The conundrum raised by Toogood and Re Pindar: What if there are no longer any secured creditors?

The recent High Court decisions in Boughey & Anor v Toogood International Transport and Agricultural Services Ltd and Re Pindar Scarborough Ltd (in administration) have helpfully provided clarity on the extent to which secured creditors that have been paid in full are required to consent to proposed administration extensions. Unhelpfully, however, the court’s approach is fundamentally at odds with the position of the Insolvency Service.  

For an administration to be extended by consent, the Insolvency Act 1986 (the Act) requires the consent of each secured creditor plus the consent of either the unsecured or preferential creditors, dependent upon the prospects of a distribution. The Insolvency Service’s First Review of the Insolvency (England & Wales) Rules 2016 (the First Review) confirms that a creditor’s categorisation as secured or otherwise is determined at the point of entry into the relevant insolvency process. On this basis, a secured creditor that has been repaid in full by an administrator will still fall within the class of secured creditors that should be consulted, and provide their consent in relation to, a proposed administration extension. The High Court’s view, expressed in both the Pindar and Toogood decisions, is that only secured creditors that have a continuing economic interest in the process (namely, those that have not yet been repaid in full) should be required to provide their consent. This aligns with the definition of “secured creditor” set out within the Act - which considers a creditor’s status by reference to the present position and whether the creditor in fact “holds” security at the point at which its consent is required – and also accords with the common-sense view that a creditor that has been repaid in full is simply no longer a “creditor”.  

The position therefore seems to be (for now at least – both decisions are first instance) that paid secured creditors are not required to consent to administration extensions. The judge in Toogood considered that the government would need to legislate more clearly if its intention was for secured creditors with no continuing economic interest in the outcome of an administration to retain the ability to determine what happens within that process. Although given the serious implications of an invalid extension, and pending further clarification on this issue, office holders may, understandably, choose to err on the side of caution and seek the consent of both paid and unpaid secured creditors.

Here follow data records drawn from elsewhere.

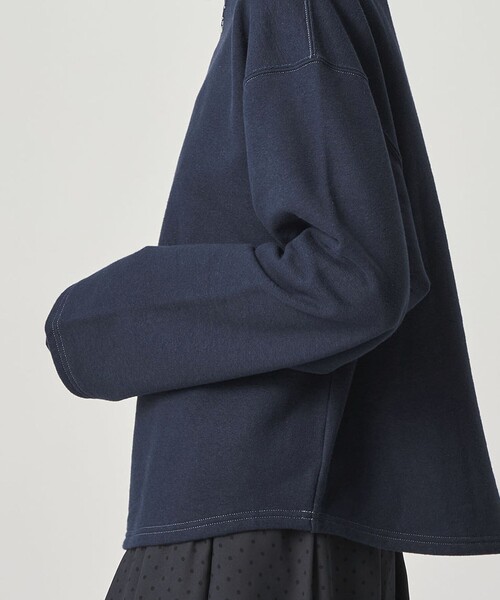 Steven Alan(スティーブンアラン)の「<Steven Alan>コットン スウェット プルオーバー(Tシャツ/カットソー・レディース・オフホワイト/ダークブラウン/ネイビー・FREE)」の16枚目の写真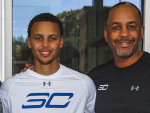 Stephen Curry y su padre, Dell Curry.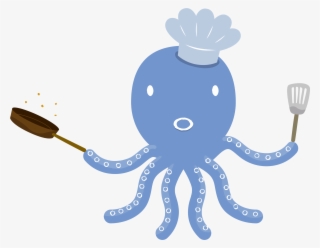 An Octopus Shef - Cook Tumblr Png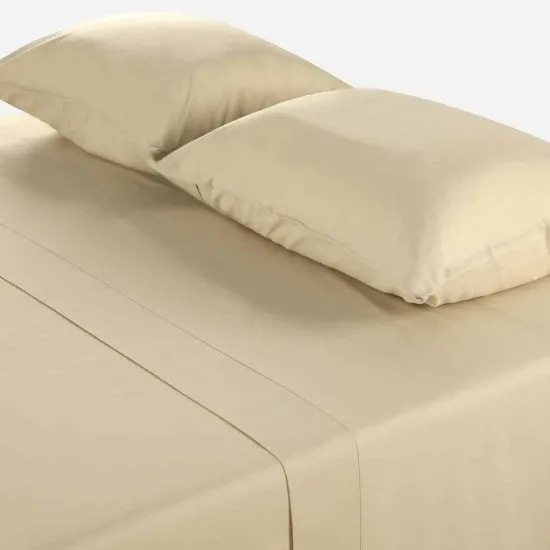 SET SABANAS LISAS 220H TAUPE SUPER KING CIC - Imagen 2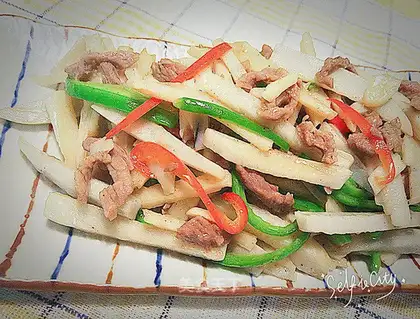Fried silk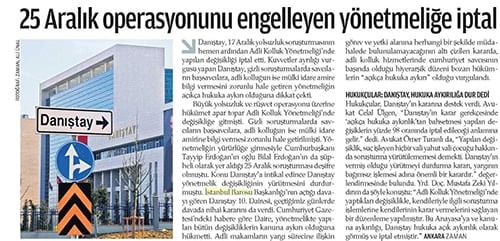 Adli Kolluk Yönetmeliğinde Değişiklik Yapılmasına Dair Yönetmeliğin Yürütmesinin Durdurulmasına Karar Verildi - 7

While the pragmatic approach adopted by the High Court will no doubt be welcomed by insolvency practitioners, both decisions fail to address an important practical point. Where a secured creditor has been repaid in full, the High’s Court’s view is that the creditor’s consent is no longer required for an administration extension by consent. However, if there are no longer any remaining secured creditors because they have all been repaid, it is unclear how the consent mechanism within the Act will operate in practice given that it is premised upon obtaining secured creditor consent in all cases. Toogood and Pindar related to administrations where there remained at least one unpaid secured creditor capable of consenting to the proposed administration extension – it remains unclear what the position would be if all secured creditors had been repaid in full.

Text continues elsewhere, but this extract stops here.